In 2025, a surge of AI-powered applications is expected to transform consumer and business experiences, finally delivering on the much-anticipated potential of generative AI. However, this perspective contrasts with the current landscape, where major players like OpenAI, Google, and xAI are locked in an expensive competition to develop the most advanced large language models (LLMs), aiming for artificial general intelligence (AGI). This ongoing "arms race" has concentrated resources and attention on a few companies, limiting broader innovations in the AI ecosystem.

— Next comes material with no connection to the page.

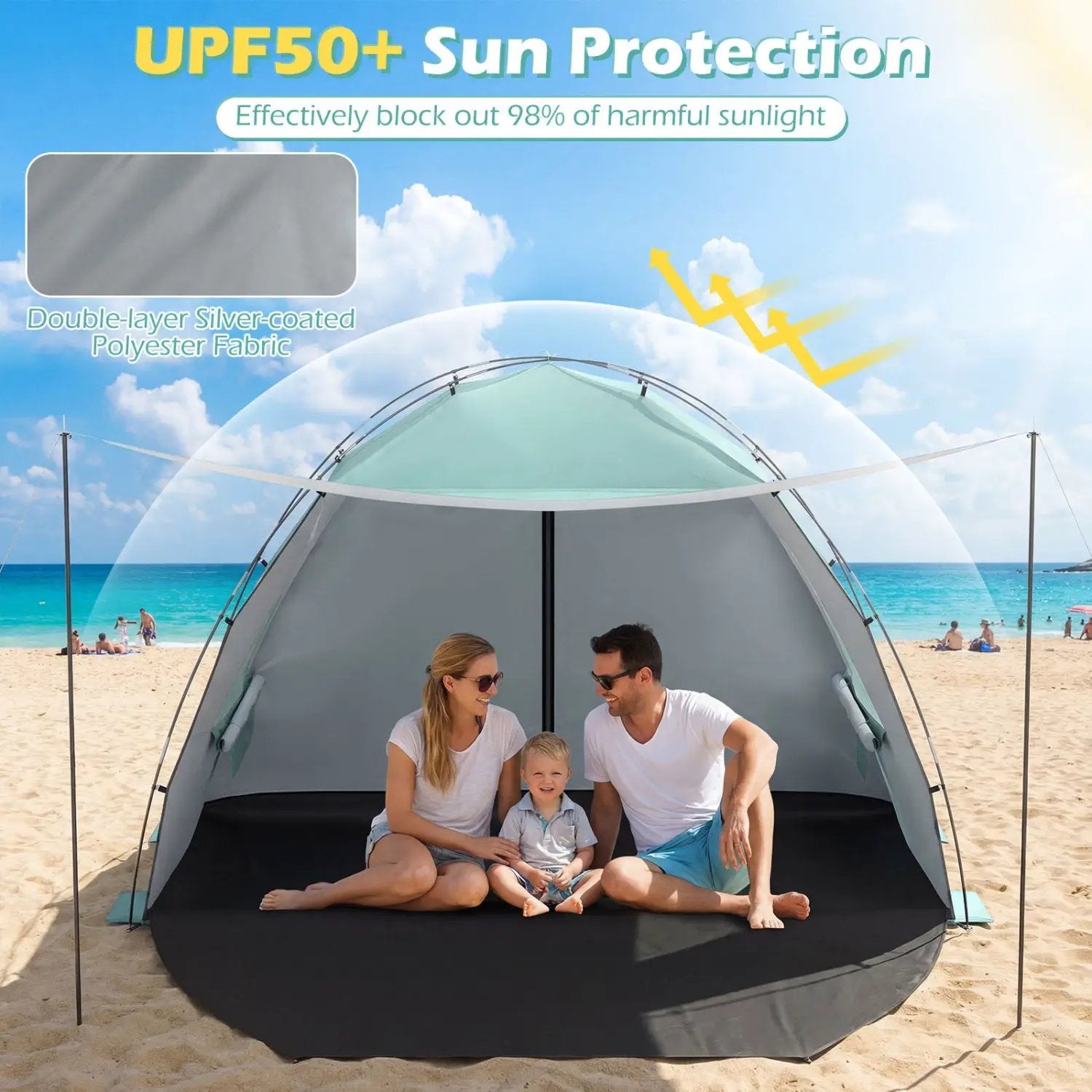 Beach Tent Sun Shelter with Canopy with Extended Floor and Vent Windows by DirectDeals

Elon Musk exemplifies this trend, having invested $6 billion into xAI and acquired a substantial number of Nvidia H100 GPUs, which has cost him over $3 billion for training his model, Grok. This level of spending raises questions about the sustainability of developing LLMs, leaving smaller companies with a daunting hurdle to overcome. High inference costs associated with using these models can make it financially impossible for developers to create viable applications, as the costs for generating responses from these models often mirror those of unaffordable consumer tech.

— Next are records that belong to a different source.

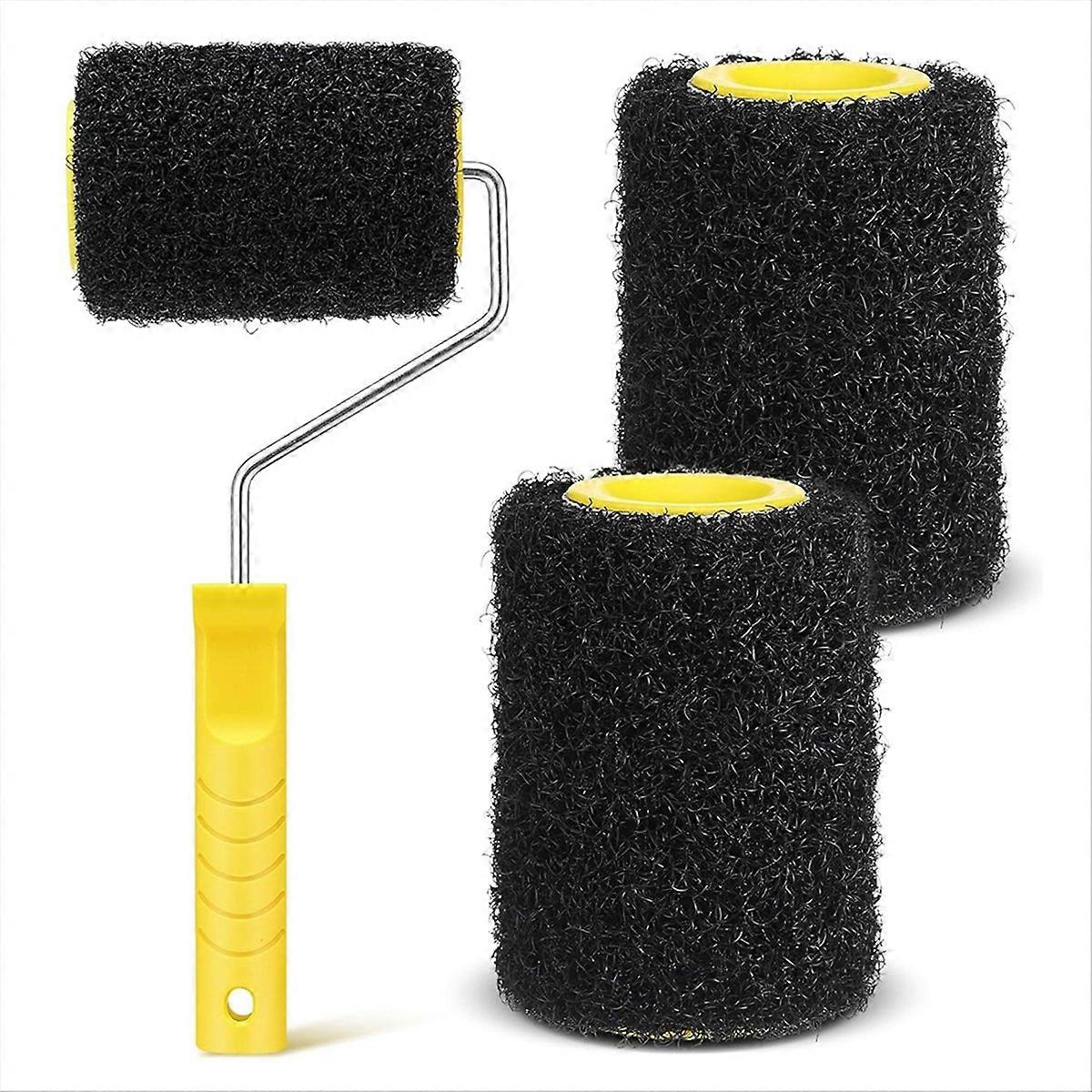 3Pcs 4 Inch Drywall Compound Roller Cover with Paint Frame,Drywall Texture Brush,Mud Roller for Putt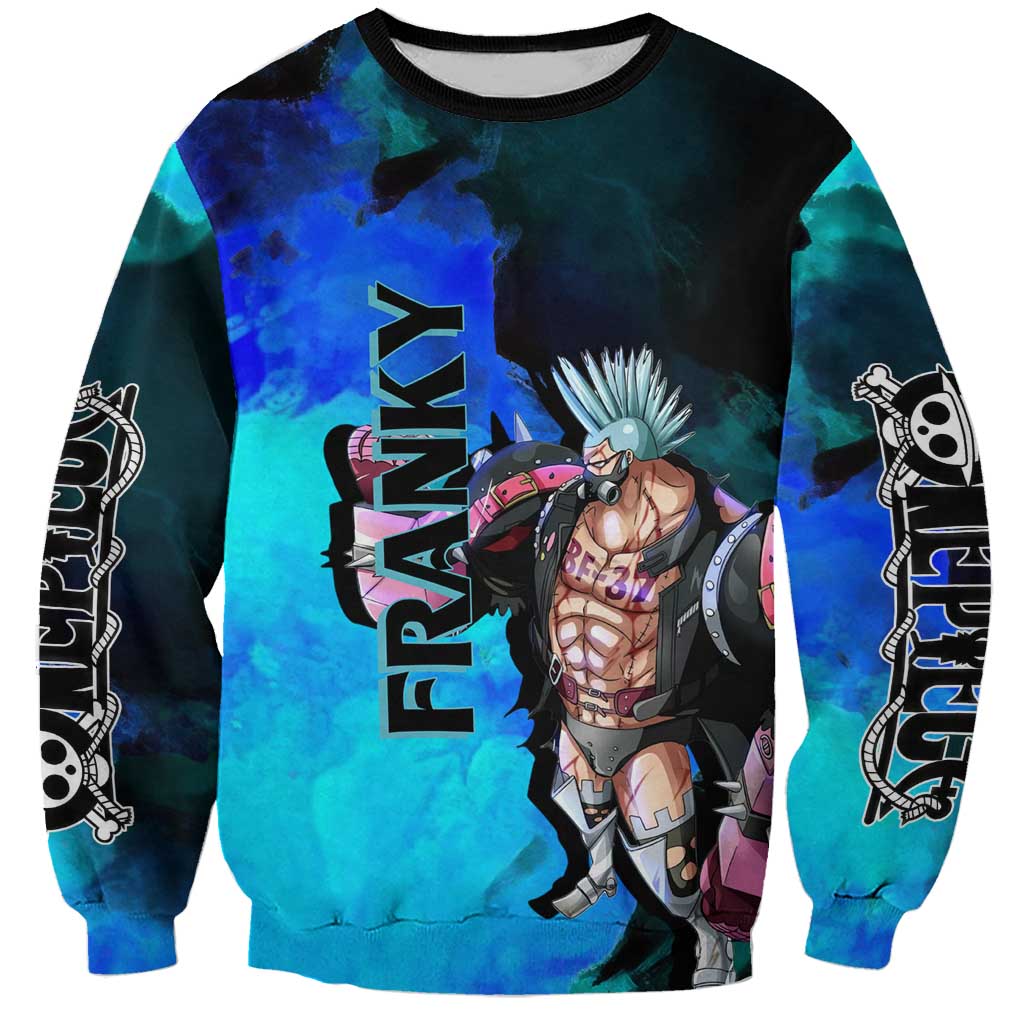 Franky One Piece Blue Theme Sweatshirt with Cyborg Design and Shipwright Pose - The Mazicc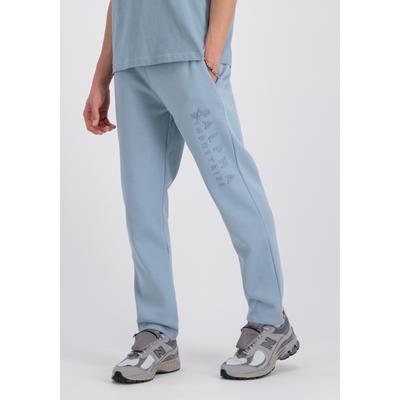 Jogginghose ALPHA INDUSTRIES "Embroidery Jogger", Herren, Gr. L, Normalgrößen, bunt (graublau), Obermaterial: 80% Baumwolle, 20% Polyester, Hosen Jogginghose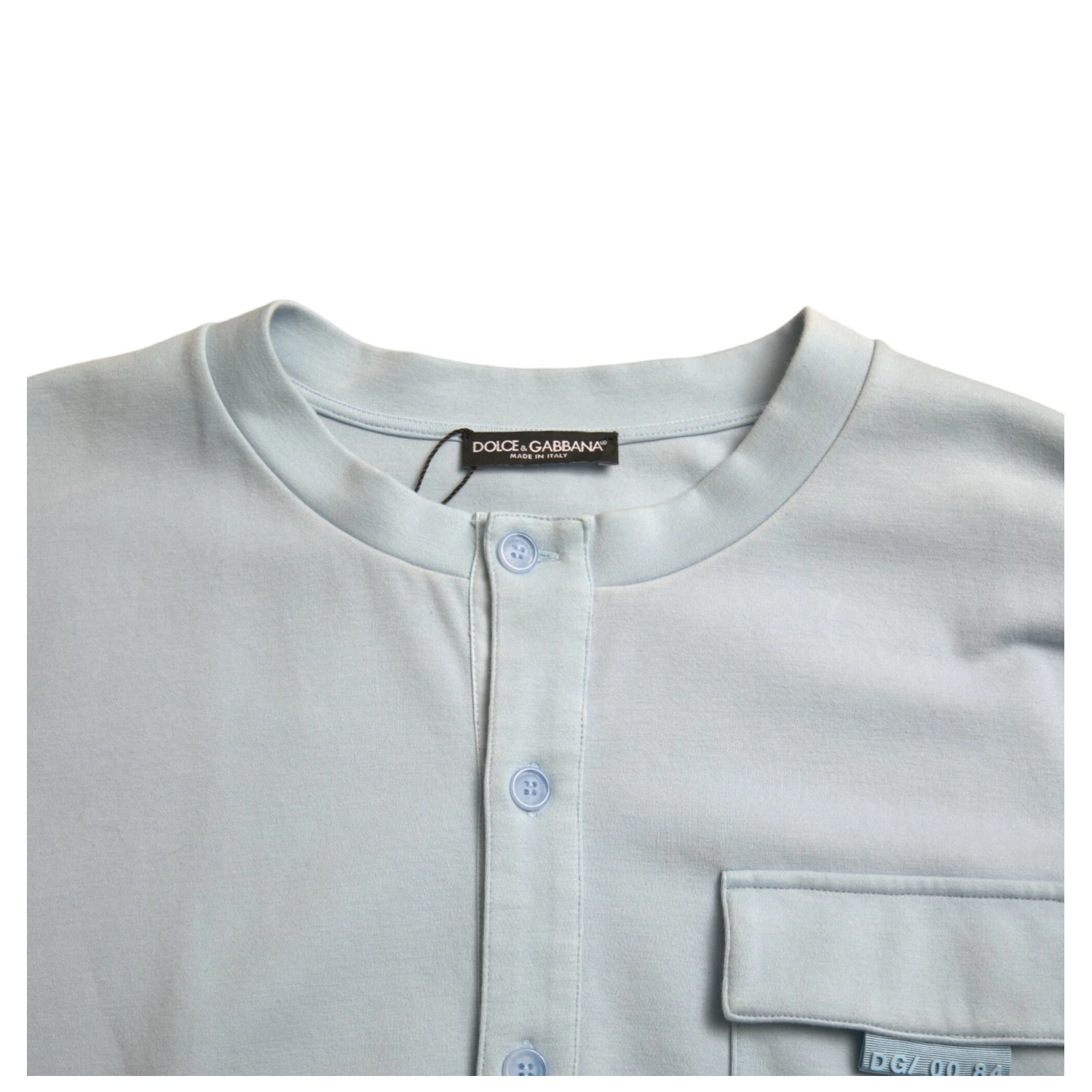 Light Blue Cotton Buttoned Pullover Sweater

Forecasts suggest an imminent shift in the AI landscape. Drawing on lessons from the PC and mobile eras, where technological advances continually reduced costs and improved performance, a new approach could emerge. The burgeoning field of AI inference is anticipated to experience a tenfold reduction in costs per year, driven by innovative algorithms, better chip technologies, and efficiency improvements in models. For instance, while a query using OpenAI’s premium model was approximately $10 in mid-2023, reports predict this figure will drop to around $1 per query by mid-2024, making advanced AI applications significantly more accessible.

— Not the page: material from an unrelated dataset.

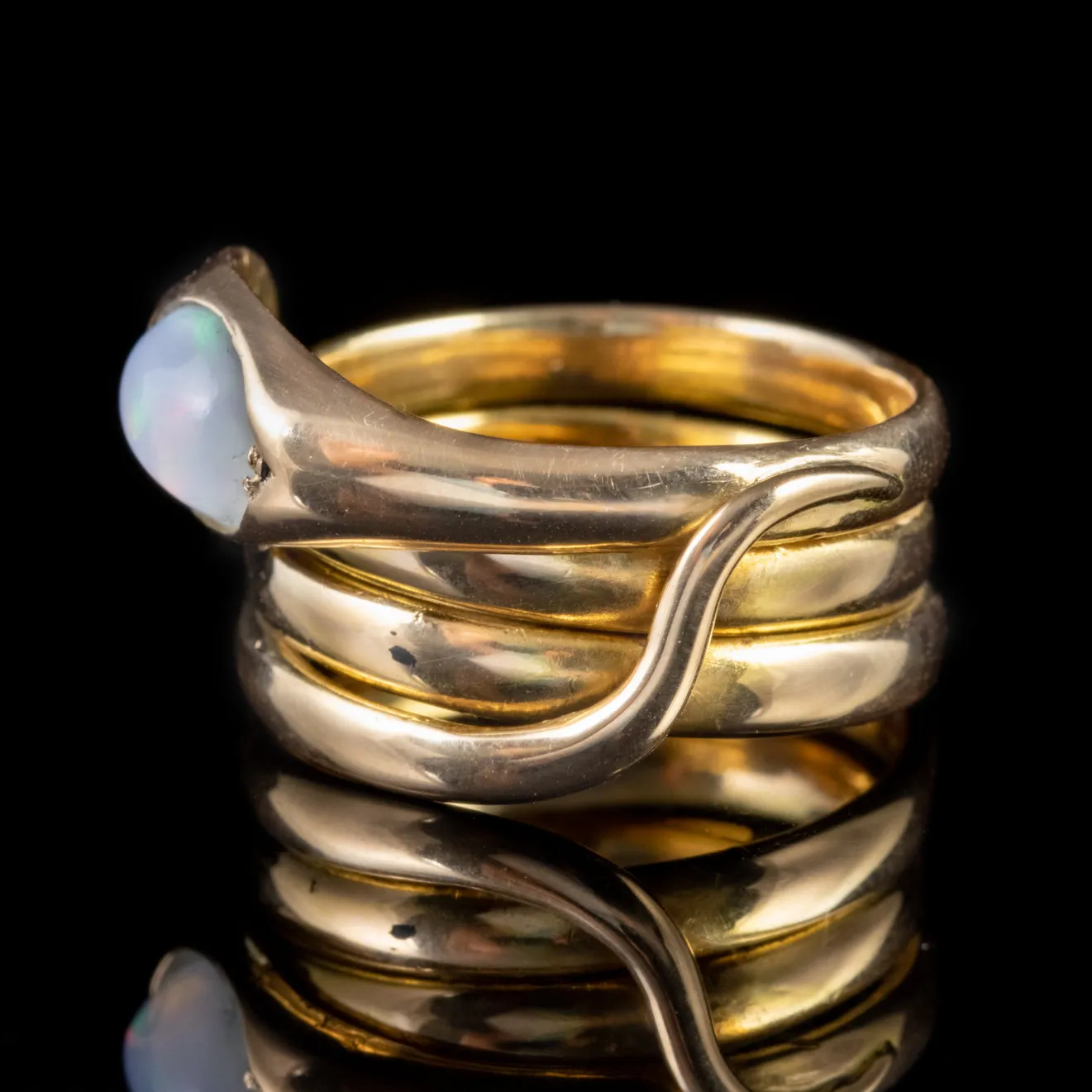 Antique Victorian Opal Snake Ring 18Ct Gold Emerald Eyes Dated 1872
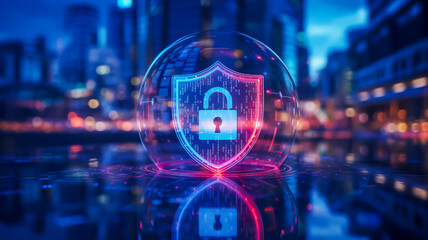 A digital security concept image featuring a glowing blue and red shield icon with a padlock symbol in the center, floating above a reflective dark surface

The upcoming paradigm shift will encourage developers to prioritize the creation of lightweight models, which may not be quite as powerful as the largest models but are designed to be fast and cost-efficient. This might mark a departure from the prevailing focus on developing behemoth models, encouraging founders to innovate and cater to specific applications. An example of this new direction can be seen in Rhymes.ai, which has created a model that rivals leading offerings at a fraction of the cost—$3 million as opposed to the over $100 million typically spent by larger entities.
In summary, the landscape of AI is set to evolve as new strategies emerge focusing on efficiency and cost-effectiveness, enabling a wider range of applications to flourish. By embracing lightweight models integrated with innovative application designs, the industry can drive a healthy and responsive AI ecosystem, ultimately benefiting users and businesses alike.